その後もタオルを腰に巻いた状態で髭の手入れとヘアセットを細かく丁寧に行っていた。洗面台に置かれたスマホから70~80年代のロックを流してそのリズムにノりながらワックスをパーマのかかった髪にベッタリと付けて行く。
それが終わると今度はインナーを着てパンツを履きクローゼットを開けた。今日のコーデ選びだ。
様々なコーデを合わせてみるが今日の気分は革ジャンだ。丁度ロックを聴いている事もあってかしっくり来たのだ。ハーレーダビットソンのライダースジャケットにヴィンテージのTシャツ、それに履き倒したボロボロのダメージジーンズを履いて準備完了だ。電話機の横に並べてあるサングラスの中からトム・クルーズと同じレイバンのものを選び装着、ニュースペーパーバッグを肩に掛けた後MAZDAの車のキーを手に取り指で回しながら玄関に向かう。
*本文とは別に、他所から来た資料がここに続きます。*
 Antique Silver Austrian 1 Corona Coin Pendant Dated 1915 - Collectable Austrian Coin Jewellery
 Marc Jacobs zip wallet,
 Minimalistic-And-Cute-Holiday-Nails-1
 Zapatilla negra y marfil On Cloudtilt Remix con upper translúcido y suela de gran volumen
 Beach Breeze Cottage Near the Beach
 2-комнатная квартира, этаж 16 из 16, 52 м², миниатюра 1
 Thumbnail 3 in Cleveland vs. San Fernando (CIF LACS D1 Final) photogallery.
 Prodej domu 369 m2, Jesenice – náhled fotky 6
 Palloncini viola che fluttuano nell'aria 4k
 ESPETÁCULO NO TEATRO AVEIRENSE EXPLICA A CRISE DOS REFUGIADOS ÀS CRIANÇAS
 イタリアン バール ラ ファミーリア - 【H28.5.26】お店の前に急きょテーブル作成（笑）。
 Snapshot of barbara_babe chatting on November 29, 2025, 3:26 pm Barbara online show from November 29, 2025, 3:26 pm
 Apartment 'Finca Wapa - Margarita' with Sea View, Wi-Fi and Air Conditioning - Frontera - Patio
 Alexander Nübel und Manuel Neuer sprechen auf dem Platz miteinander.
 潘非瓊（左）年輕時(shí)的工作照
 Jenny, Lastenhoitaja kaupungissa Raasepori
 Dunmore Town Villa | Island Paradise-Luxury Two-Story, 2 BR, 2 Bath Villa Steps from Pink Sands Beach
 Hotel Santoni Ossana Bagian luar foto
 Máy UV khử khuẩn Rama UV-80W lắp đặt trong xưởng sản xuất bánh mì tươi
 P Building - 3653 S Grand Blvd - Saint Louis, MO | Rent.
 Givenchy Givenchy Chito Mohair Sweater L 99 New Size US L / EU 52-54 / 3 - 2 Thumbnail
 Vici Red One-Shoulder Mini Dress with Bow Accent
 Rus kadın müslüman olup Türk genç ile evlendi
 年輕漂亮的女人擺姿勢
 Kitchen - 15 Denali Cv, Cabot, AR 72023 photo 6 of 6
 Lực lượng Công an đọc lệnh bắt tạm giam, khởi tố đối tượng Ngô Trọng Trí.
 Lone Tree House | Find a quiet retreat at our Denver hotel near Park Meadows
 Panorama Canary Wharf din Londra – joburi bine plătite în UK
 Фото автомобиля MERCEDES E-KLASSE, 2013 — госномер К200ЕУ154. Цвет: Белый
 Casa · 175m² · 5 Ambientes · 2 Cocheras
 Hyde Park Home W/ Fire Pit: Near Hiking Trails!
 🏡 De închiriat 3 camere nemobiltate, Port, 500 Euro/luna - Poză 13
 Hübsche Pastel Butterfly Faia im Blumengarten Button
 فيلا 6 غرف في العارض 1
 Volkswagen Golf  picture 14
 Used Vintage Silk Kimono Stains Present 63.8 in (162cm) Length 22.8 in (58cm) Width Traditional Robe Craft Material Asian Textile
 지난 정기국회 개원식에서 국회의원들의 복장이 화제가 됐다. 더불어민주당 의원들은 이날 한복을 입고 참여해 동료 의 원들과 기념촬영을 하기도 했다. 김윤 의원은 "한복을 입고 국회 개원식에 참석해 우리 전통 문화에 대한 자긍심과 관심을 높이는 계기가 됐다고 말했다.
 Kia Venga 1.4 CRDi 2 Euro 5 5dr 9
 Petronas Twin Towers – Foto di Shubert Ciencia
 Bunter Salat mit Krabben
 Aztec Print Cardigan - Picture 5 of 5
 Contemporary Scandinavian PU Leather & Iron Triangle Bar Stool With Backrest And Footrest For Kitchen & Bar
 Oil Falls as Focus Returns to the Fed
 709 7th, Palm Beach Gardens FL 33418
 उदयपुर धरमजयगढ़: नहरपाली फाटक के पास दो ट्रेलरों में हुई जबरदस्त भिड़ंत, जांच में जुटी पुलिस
玄関ではBYREDOの香水を満遍なく浴びて使い込まれたレッドウィングのブーツを履いた。
そしてとうとう玄関の扉を開けて丈二は仕事に向かったのだ。
☆
アパートの駐車場には渋いMAZDAのロードスターのオープンカーが一台。その車体を優しく撫でながらスマホを点けてLINEの返信をする。
『丈二さんのアイディアのお陰で企画通りそうです!』
「そうか良かった、またいつでも頼ってくれよ」
そんなやり取りを何人かと行い表情が緩む。いかにもこの男、岬 丈二はデキる男といった雰囲気を放っていた。これから向かう会社でも若手実力者として評価されているのだろう。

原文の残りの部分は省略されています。